今回は、最新のデータをもとに変化する夫婦の働き方の実態や第3号被保険者(会社員の配偶者などで自分で年金保険料を納めていない人)をめぐる議論のポイント、そして2026年10月からの変更点についてわかりやすく解説します。

1. 共働き世帯「7割」超へ!データで見る夫婦の働き方「2つの変化」

まずは、現在の日本における夫婦の働き方がどのように変化しているのか、厚生労働省や内閣府のデータから実態を見ていきましょう。

1.1 共働き世帯の増加と働き方の多様化

「共働き世帯数と専業主婦世帯数の推移」のデータを見ると、昭和の終わり頃から共働き世帯は年々増加傾向にあります。近年では、妻がパートタイムで働く共働き世帯の増加が顕著ですが、同時にフルタイムで働く共働き世帯も増えています。

共働き世帯数と専業主婦世帯数の推移(妻が64歳以下の世帯)1/3

共働き世帯数と専業主婦世帯数の推移(妻が64歳以下の世帯)

出所:厚生労働省「資料2 第3号被保険者制度を巡る現状について」

さらに、令和7年の「夫婦の被保険者の組み合わせ」の調査では、夫婦ともに第2号被保険者(会社員や公務員など、自分で厚生年金に加入している人)である世帯が48パーセントとなり、夫が第2号被保険者で妻が第3号被保険者である世帯の38パーセントを上回っています。多くのご家庭が、経済的なゆとりや自己実現のために、夫婦ともに社会保険に加入して働くスタイルを選び始めていることがわかります。

1.2 夫の収入と妻の就業率の関係

一方で、「夫の所得階級別の妻の有業率(仕事を持っている割合)」のデータを見ると、夫の所得階級が高くなるほど妻が就業している割合が低くなる傾向があります。

これは、世帯全体の収入にゆとりがある場合は、あえて無理をして働かず、家事や育児に専念する選択をするご家庭が一定数いることを示しています。各家庭の事情や価値観に合わせて、働き方の選択肢が多様化していると言えるでしょう。

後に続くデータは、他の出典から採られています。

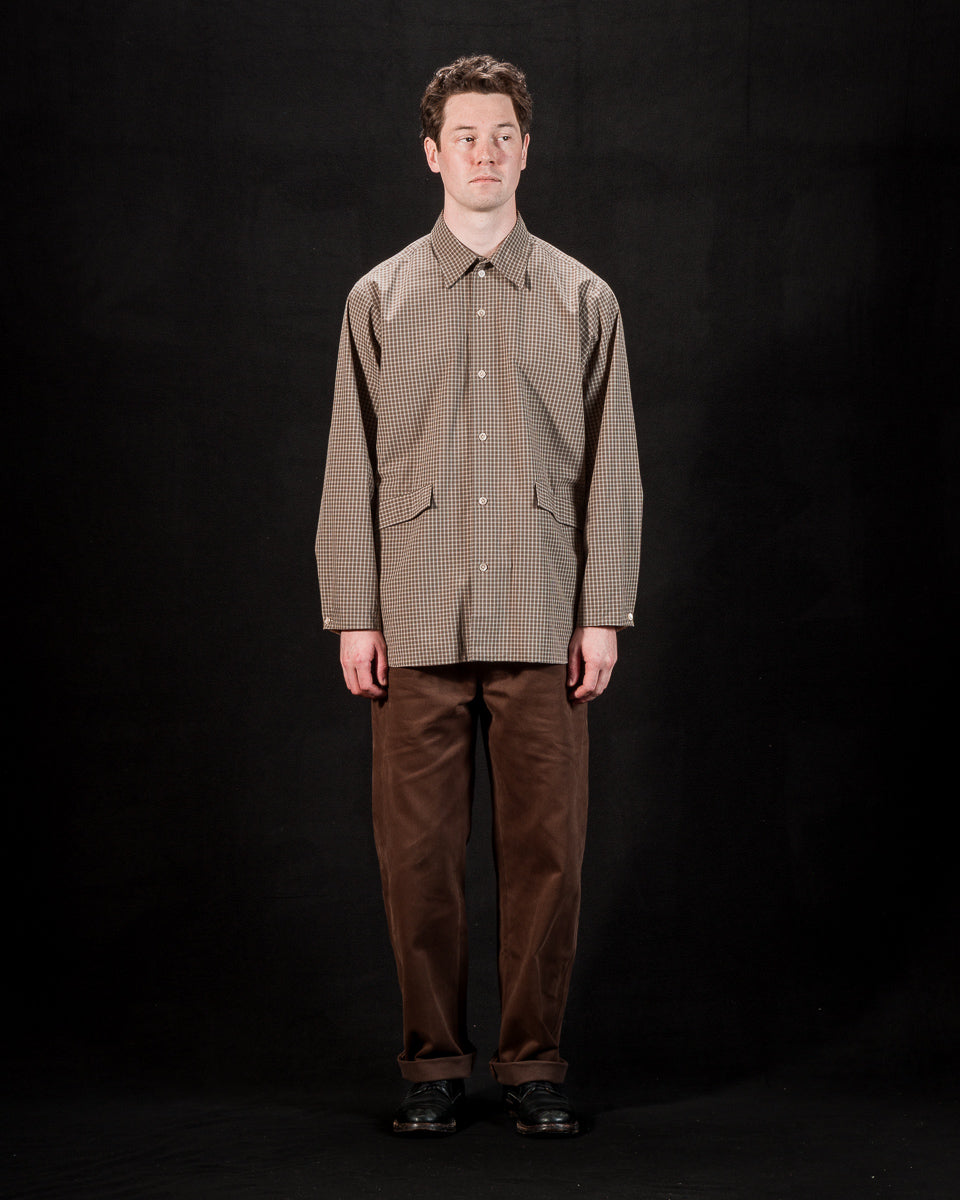 Senui Cover Shirt - Brown Organic Washer Check - Standard & Strange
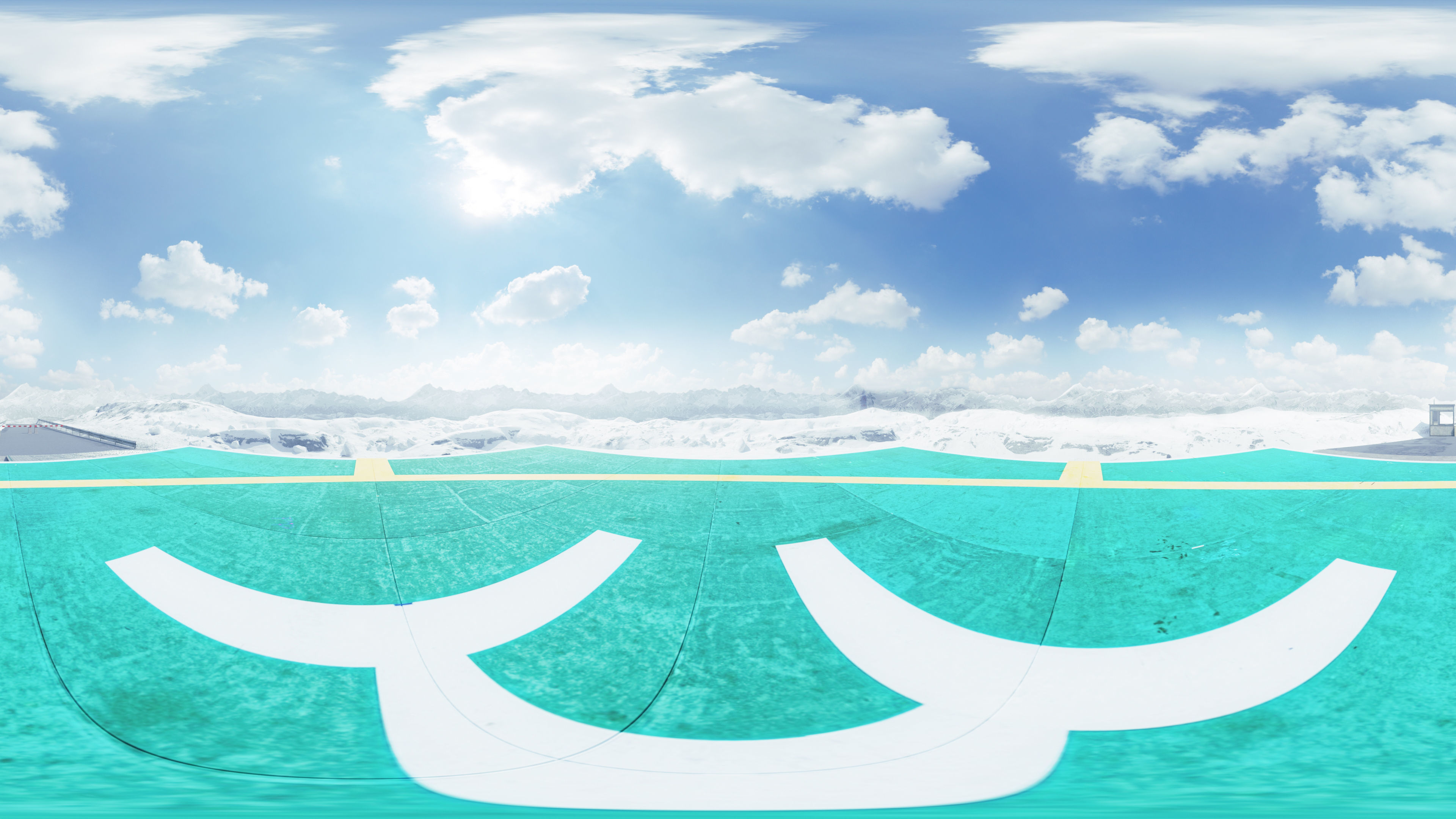 Realistic Helipad In  Snowy Mountains 3D model_6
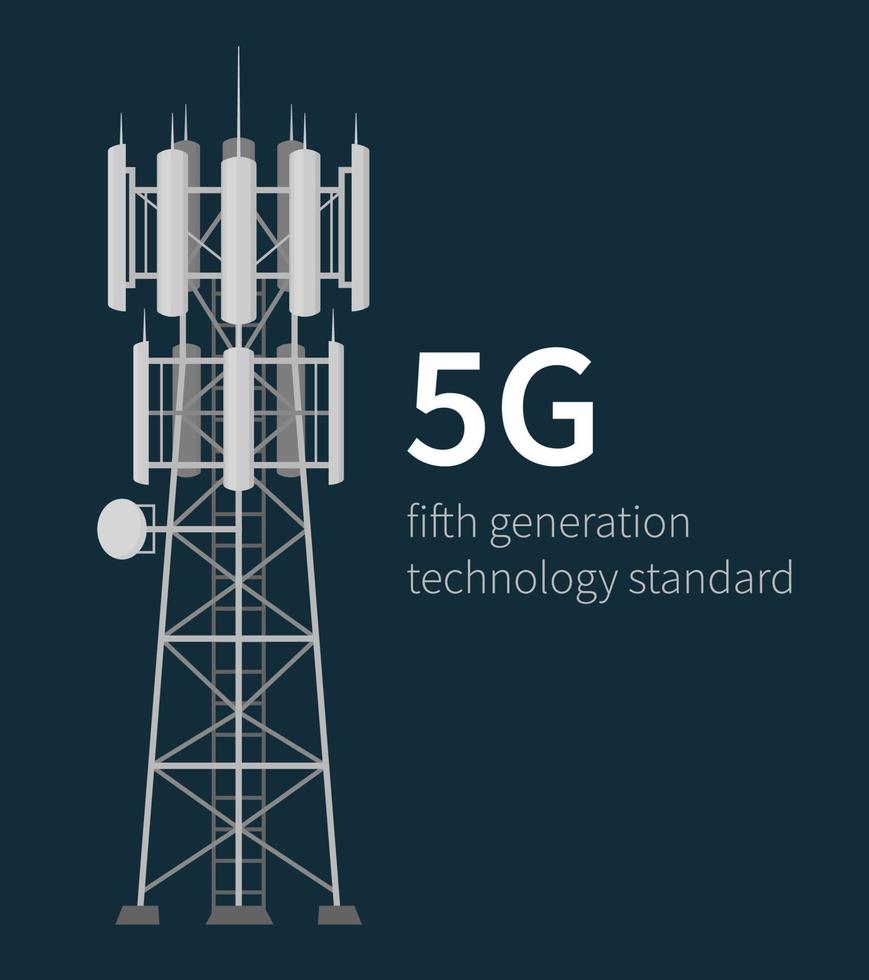 5G technology standard mast base stations on blue vector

2. 第3号被保険者制度はどうなる?年金制度における3つの議論ポイント

共働き世帯が増加する中で、配偶者の扶養に入る「第3号被保険者制度」のあり方についても国で議論が進められています。2024年12月25日にまとめられた「社会保障審議会年金部会における議論の整理」から、押さえておきたい3つのポイントをご紹介します。

2.1 特定の方への配慮とバランス

第3号被保険者の中には、育児や親の介護、ご自身の健康状態など、さまざまな事情で就業できない方や、希望する働き方ができない方がたくさんいらっしゃいます。制度を見直す際には、こうした方々への配慮が不可欠です。同時に、自営業者などの第1号被保険者(自分で国民年金保険料を納めている人)との公平なバランスをどう取るかという点も、慎重に議論されています。

2.2 所得保障の機能と給付・負担の構造

公的年金には、一人ひとりの賃金水準が同じであれば、世帯の形(単身世帯や共働き世帯など)に関わらず1人あたりの年金給付額と保険料負担額が同じになるという基本的な構造があります。この制度設計を踏まえつつ、第3号被保険者が持つ「配偶者の所得に頼らざるを得ない期間の所得保障」という大切な機能をどのように維持していくかが問われています。

2.3 今後の方向性(社会保険の適用拡大)

議論の基本的な方向性としては、いきなり制度をなくすのではなく、短時間労働者への社会保険の「適用拡大」を進めることで、結果として第3号被保険者制度を段階的に縮小・見直していくステップが求められています。誰もが安心して働き、将来の年金を受け取れる社会を目指して、少しずつ仕組みが変わろうとしています。